China's domestic hot-rolled coil margins turned negative for the first time in a year at the end of January, while manufacturing activity – the steel product's major application – weakened for the second consecutive month.
The apparent downturn poses the question: Has China's strong post-COVID economic recovery plateaued, or is this the usual pre-Lunar New Year slowdown? Conversations with industry participants indicate that steel mills expect a post-holiday rebound, while steel traders believe prices will fall further when activity resumes.
Historically, there is no consistent pattern as to how steel or iron ore prices will perform post-Lunar New Year. S&P Global Platts monthly average data shows they have fallen as often they have risen in previous years.
HRC margins fell from an average of $85.30/mt in December to minus $18/mt at the start of February, according to Platts' mill margin data. Margins were squeezed by imported iron ore prices that hovered around the $170/mt CFR China level, and domestic HRC prices that shed around Yuan 150/mt ($23/mt) over January.
Hot-rolled coil prices
The two leading China manufacturing purchasing managers' indices both softened in January. The PMI published by the National Bureau of Statistics showed manufacturing activity fell to a four-month low of 51.3 points in the month, while Chinese media company Caixin's PMI dipped to 51.5, the lowest reading since last June.
NBS noted that new orders, export sales and overall buying levels all grew at their slowest rate in five months in January.

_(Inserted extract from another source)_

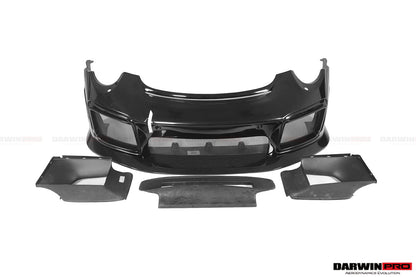 2013-2019 Porsche 911 991 Turbo/S GT2RS Style Partial Carbon Fiber Front Bumper and Fender - DarwinPRO Aerodynamics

The Caixin report said manufacturers had been lifting their selling prices at the "steepest rate since June 2018" in a bid to protect margins from rising input costs, including steel prices.
Iron ore prices
Twelve months ago, global manufacturing was in the doldrums. But it has been the strongest end-user segment for Chinese steel over recent months, while the two usual demand powerhouses of construction and infrastructure have been relatively flat. Pent-up demand in the auto sector, in particular, has helped drive steel coil prices. Therefore, any sustained weakening of manufacturing would be a cause for alarm.
Running out of steam?
China was the first country to go into lockdown last year and the first to come out. The country's steel industry didn't miss a beat; production was extremely high, even when there was little in the way of downstream demand.
Steel prices began to climb in April, whereas other major steel markets took many months longer to recover; the US began its precipitous price climb as late as August. Price rises in the US, India and Europe can be attributed to steel supply shortages – caused by mills cutting and then hastily restoring output – as much as by pent-up demand and recovering economies.
On the other hand, production soared in China, with 2020 output up 5.2% year on year, surpassing 1 billion mt of crude steel for the first time. It has also started 2021 strongly, with Jan. 10-20 production up 7.34% on year, according to the China Iron & Steel Association.
China hot-rolled coil prices
Many governments will be pulling down hard on the stimulus lever this year to get their economics back into growth mode. China opened the credit sluice gates following its Q1 lockdown last year, but then tightened up liquidity.
Economists at S&P Global Ratings said in a note last month there would be further tightening this year and pointed out that consumers were still reluctant to spend. Ratings said China still relied on encouraging infrastructure investment "rather than helping households directly... the rebalancing of the economy towards consumption is fragile and still a work in progress."
It is these households that purchase cars, white goods and other manufactured products. If steel production remains strong over the holidays and Beijing does not loosen liquidity quickly, many in the market believe steel prices could fall further in late February.